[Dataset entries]
··········
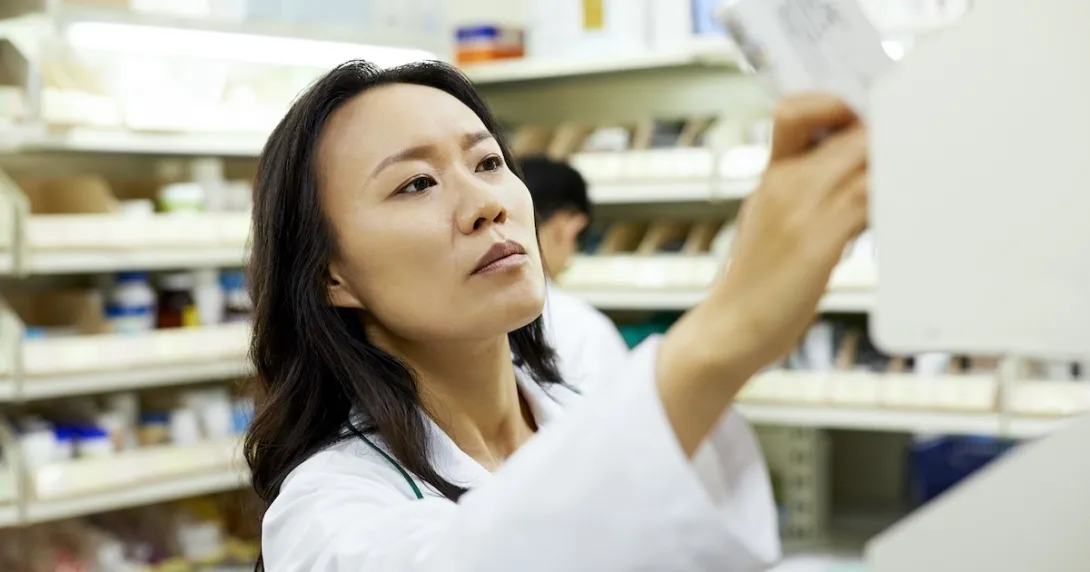 Pharmacist checking a medication package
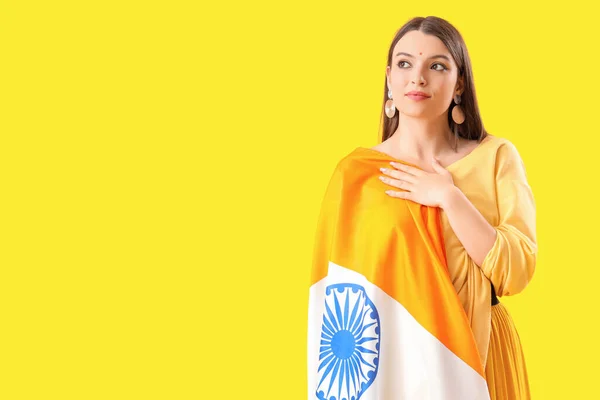 Young woman with Indian flag on yellow background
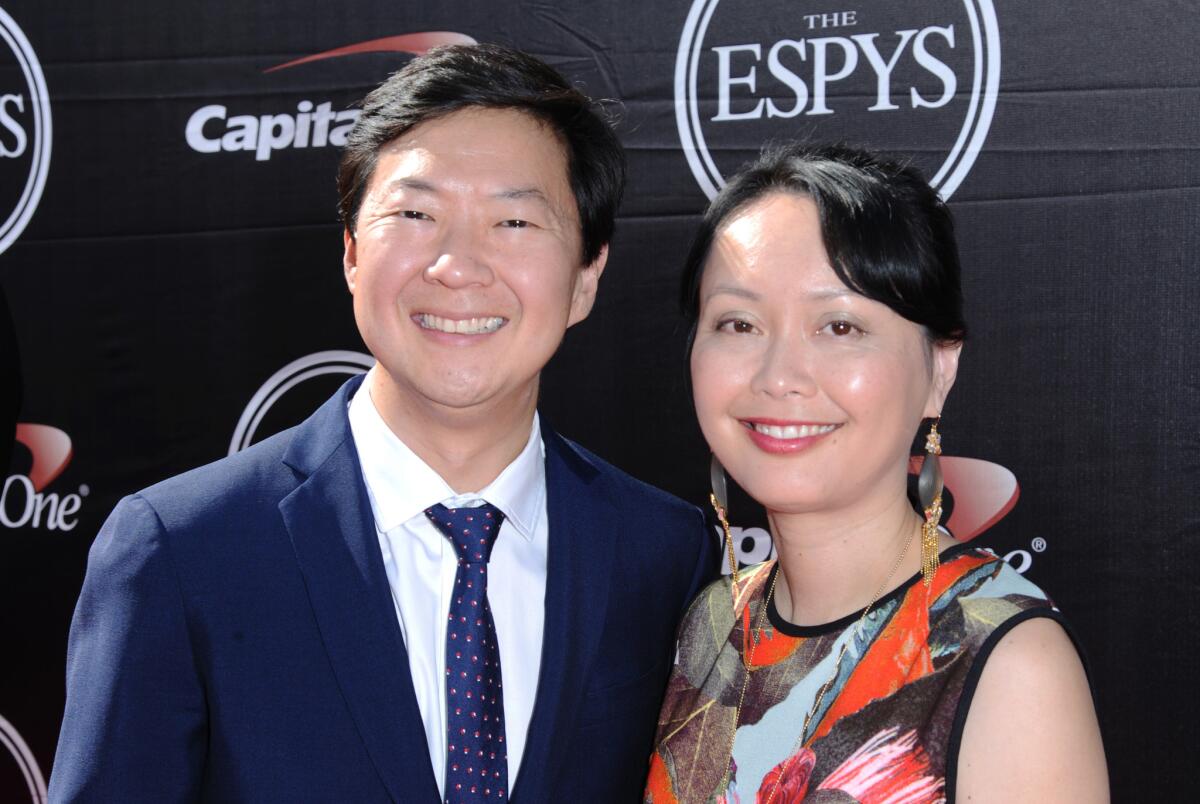 Ken Jeong, left, and his wife, Dr. Tran Ho, at the ESPY Awards in L.A. last month. Jeong, a former physician, will star in "Dr. Ken."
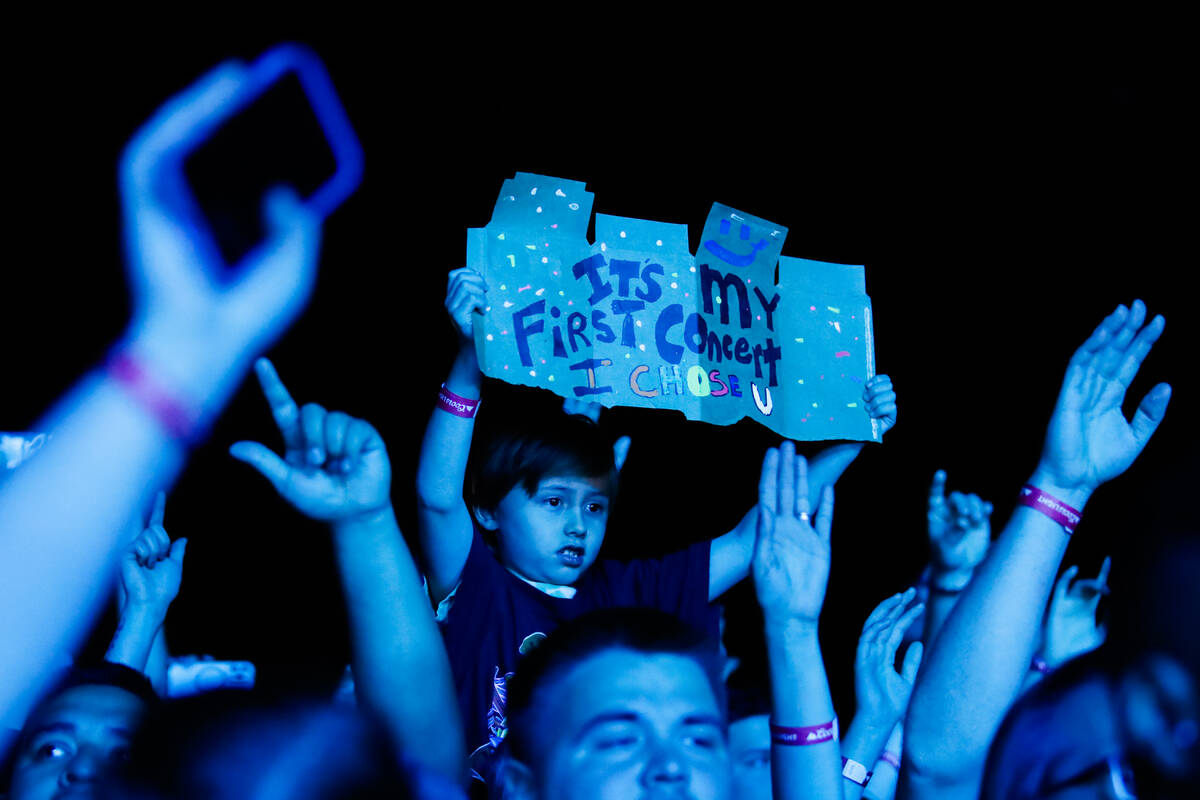 A kid holds up a sign during an AJR concert at the 2023 SEMA Fest on Saturday, Nov. 4, 2023 in ...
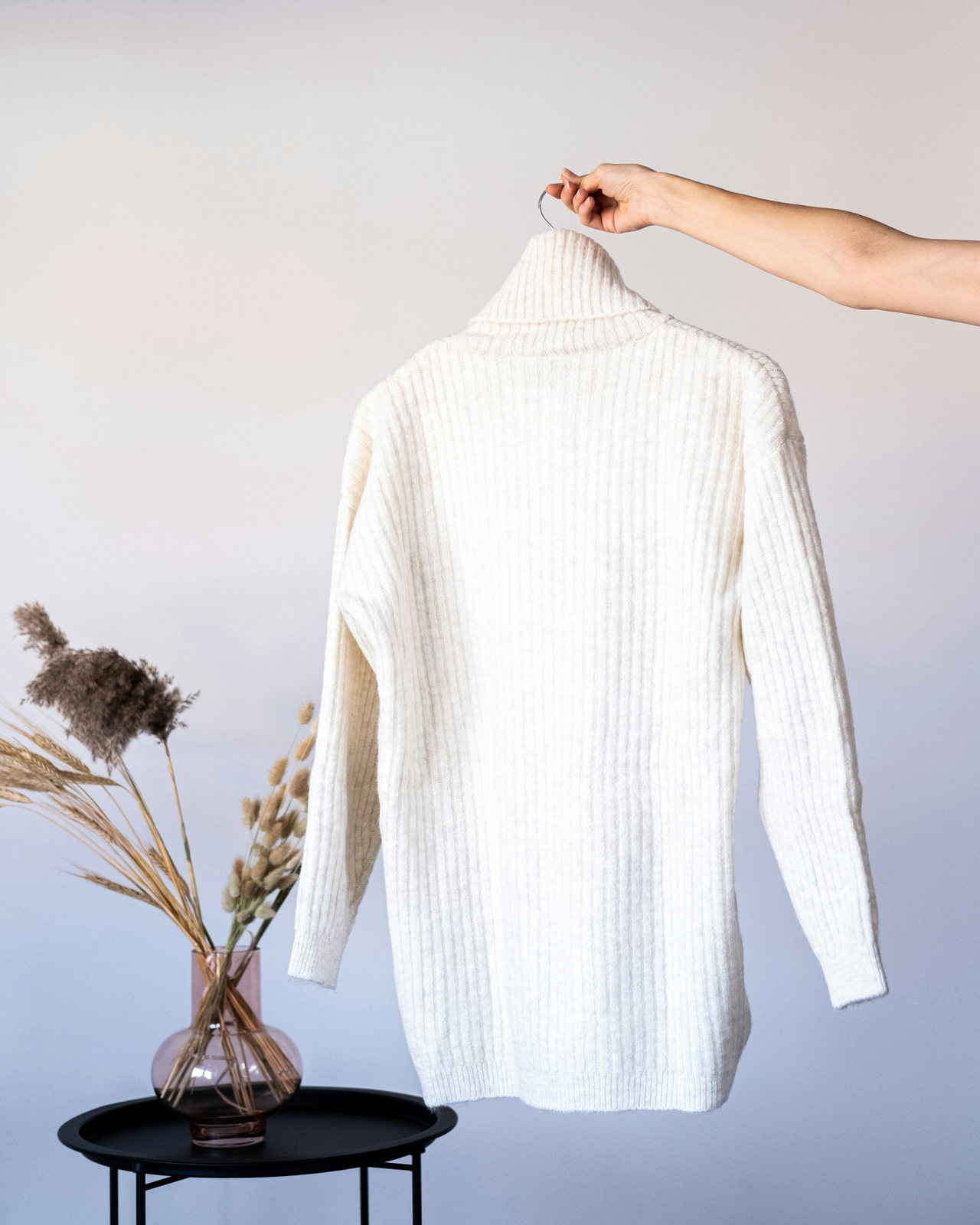Weißer feiner Rollkragenpullover, von einer Hand am Bügel gehalten, vor hellem Hintergrund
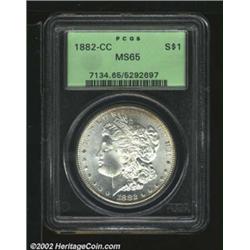 1882-CC S$1 MS65 PCGS. A flashy Gem that has hints of tobacco-brown color at the upper obverse borde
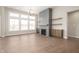 Spacious living room with fireplace, built-in shelves, and hardwood floors at 1433 Chatham Hills Blvd, Westfield, IN 46074
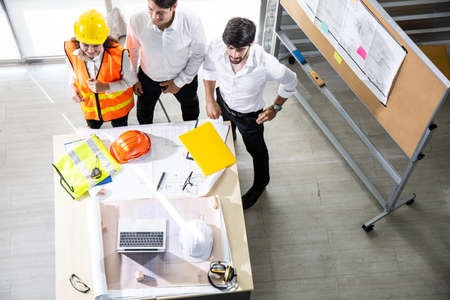 Top view group engineers discussion and planning about project to be made on table.の写真素材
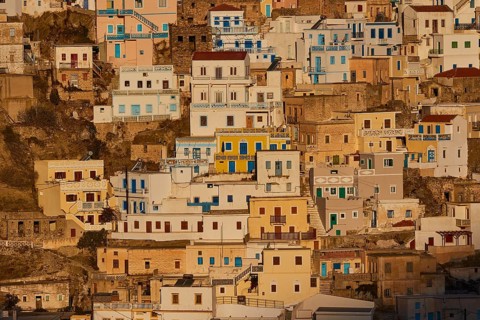 Densely built houses in bright colours on a sunny slope, Colourful mountain village, Morning light,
··········
Please copy the data above word for word, but only from the line that contains "Top view group" through the final line, both included, and without the pictures.

• _Output for this exercise_
 Top view group engineers discussion and planning about project to be made on table.の写真素材
 Densely built houses in bright colours on a sunny slope, Colourful mountain village, Morning light,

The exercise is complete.